NEW YORK – Thousands voiced their anger toward President Bush in the streets on Tuesday, but peace activist Fernando Suarez del Solar of Escondido took his message to the floor of the Republican National Convention.


Fernando Suarez del Solar, left, of Escondido, Calif., carries a sign with a picture of his son Jesus Suarez Tuesday, Aug. 31, 2004 in New York outside a hotel where former President Bush was speaking to the Hispanic Alliance for Progress Institute as part of their 'Celebrating Hispanic Progress & Opportunity' reception in conjunction with the Republican National Convention being held this week in New York. Jesus Suarez was a lance corporal who became the first Marine killed in the Iraq war when he died in March of 2003 seven days after the U.S.-led invasion began. (AP Photo/Ted S. Warren)
As first lady Laura Bush was delivering her prime-time speech in Madison Square Garden, Suarez, standing near the Texas delegation, held a banner that read, "Bush Lied. My Son Died."

Suarez, who had made it through security on a borrowed credential and hid the banner under his clothes, was quickly escorted out.

Yesterday, the father of 20-year-old Marine Lance Cpl. Jesus Suarez del Solar, who died in Iraq, said he welcomed the opportunity to perform his act of civil disobedience.

"A friend told me, 'Now is your chance,' so I took it," Suarez said.

He was surprised by and thankful for the responses of a few Republican delegates who expressed sympathy and understanding as he was being led out of the convention hall.

"They said, 'I agree with you. I'm sorry,' " he said.

Suarez was not arrested and said he was treated well by security personnel.

The Tijuana-born Suarez has been active in a peace organization, Military Families Speak Out, since his son's death in March 2003. He walked at the head of Sunday's United for Peace and Justice march through midtown Manhattan.

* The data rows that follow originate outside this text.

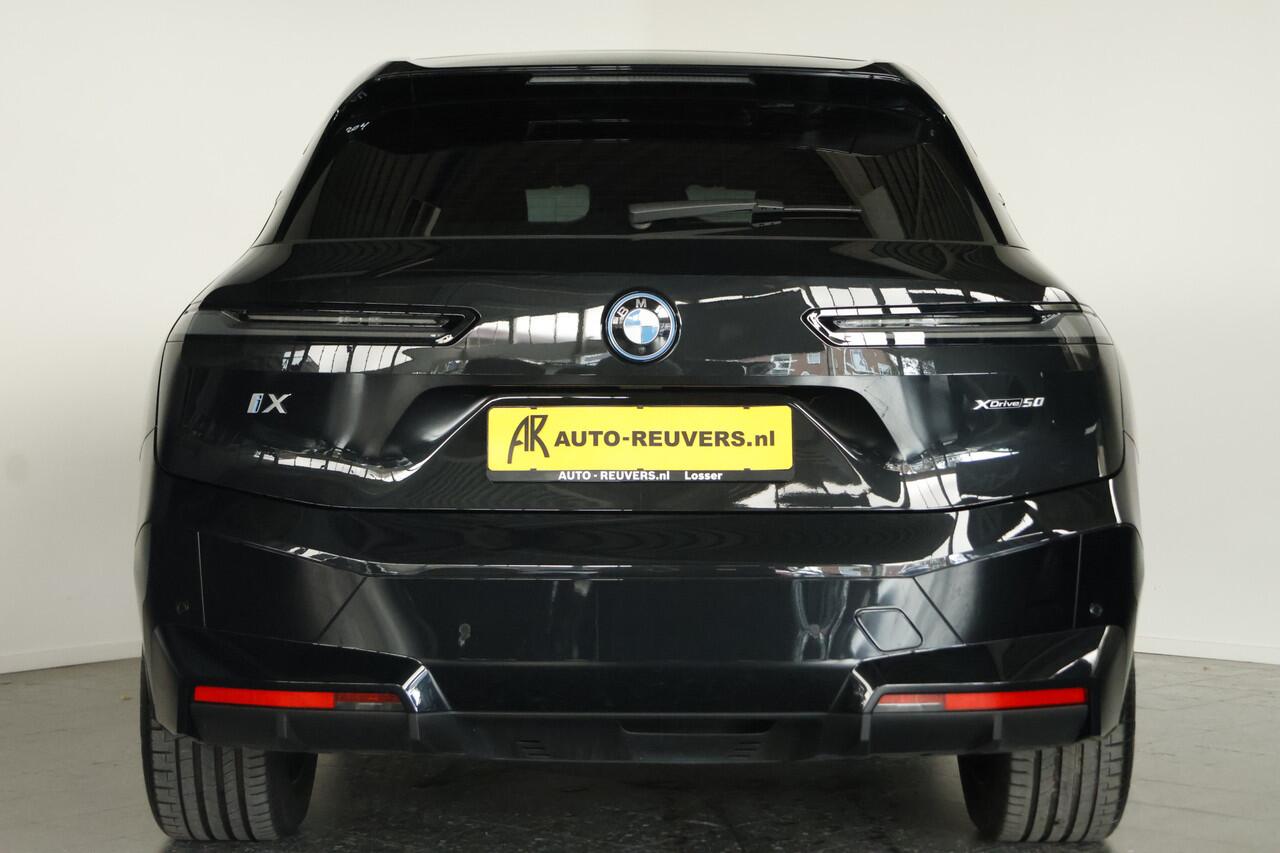 BMW iX xDrive50 Sport SKY 112 kWh / Pano / HUD / Harmankardon / Trekhaak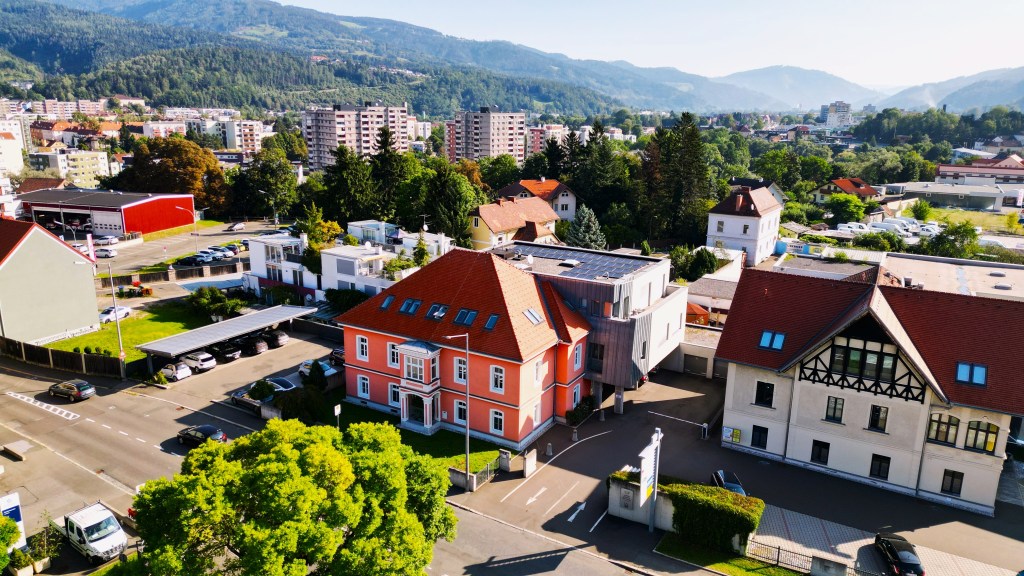 Leoben Rechtsanwaltskanzlei Anwalt Anwältin Rechtsanwalt Rechtsanwältin Murtal Obdach Judenburg Knittelfeld Vertrag Kaufvertrag Übergabsvertrag Notar Kosten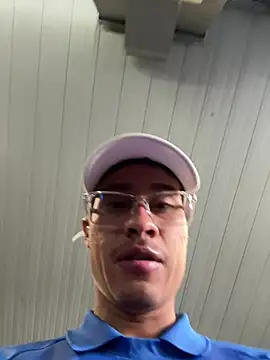 Latin Paisa Boy online show from April 22, 6:45 pm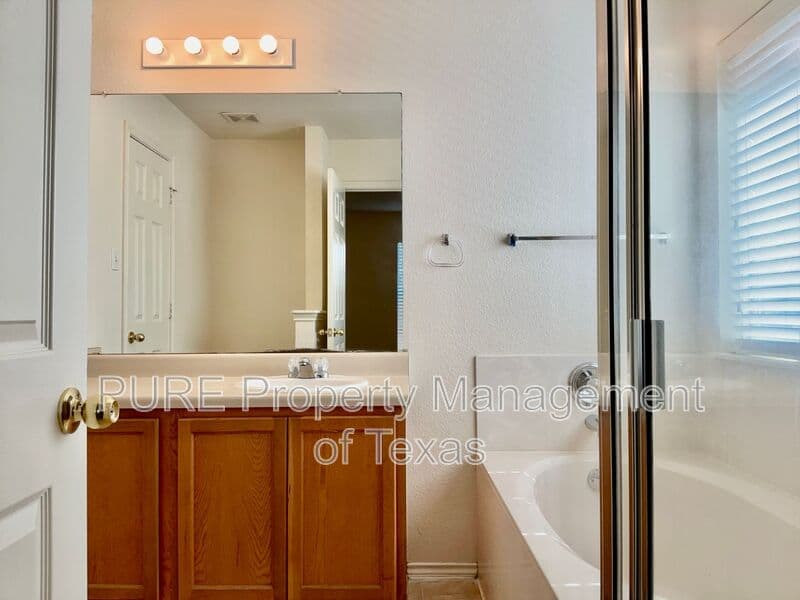 Pflugerville Condo: 708 Jane Austen Trail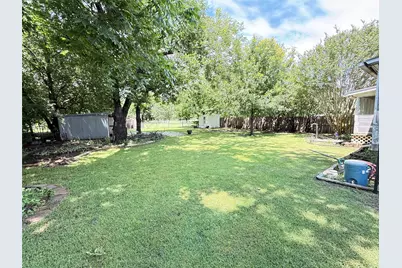 619 E 12th Street, Bonham, TX 75418 - Photo 14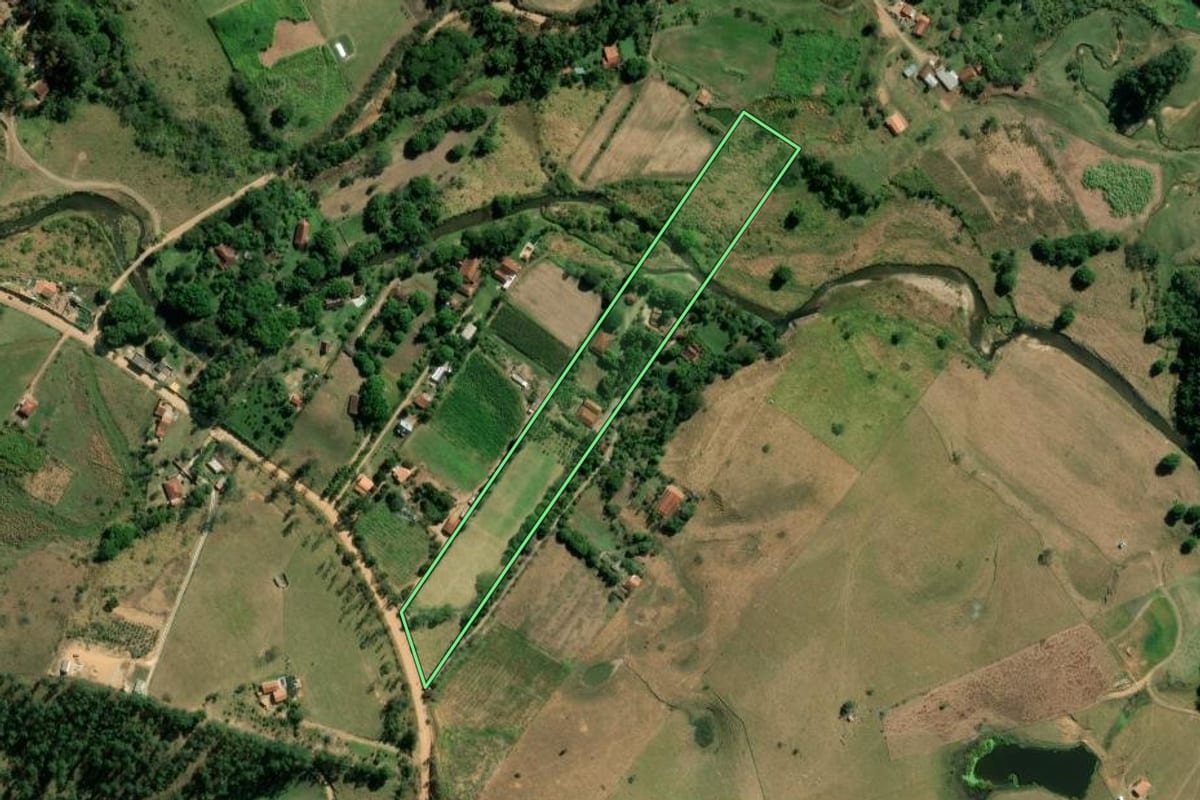 Imagem de satélite do imóvel rural em Guaratinguetá (SP), com o contorno declarado no CAR desenhado por cima.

Suarez was one of several protesters who made it to the convention floor in the past two days.

Not long after Suarez was escorted out, Medea Benjamin, co-founder of Code Pink, an anti-war women's group, got within 30 feet of Vice President Dick Cheney during Gov. Arnold Schwarzenegger's speech.

"How much money has Halliburton made in Iraq?" she yelled at Cheney, the former CEO of Halliburton.

She held a banner reading: "Be Pro Life. Stop Killing in Iraq."

And yesterday morning, demonstrators from ACT UP, the AIDS activist group, crashed a Republican youth gathering on the convention floor just after Bush's twin daughters, Jenna and Barbara, introduced White House chief of staff Andrew Card.

Although multiple levels of security checkpoints make it virtually impossible to smuggle a weapon into the convention, many credentials do not have photos and can be swapped freely. Suarez said he got his credential from friends who had radio and television credentials, but he would not say who they were.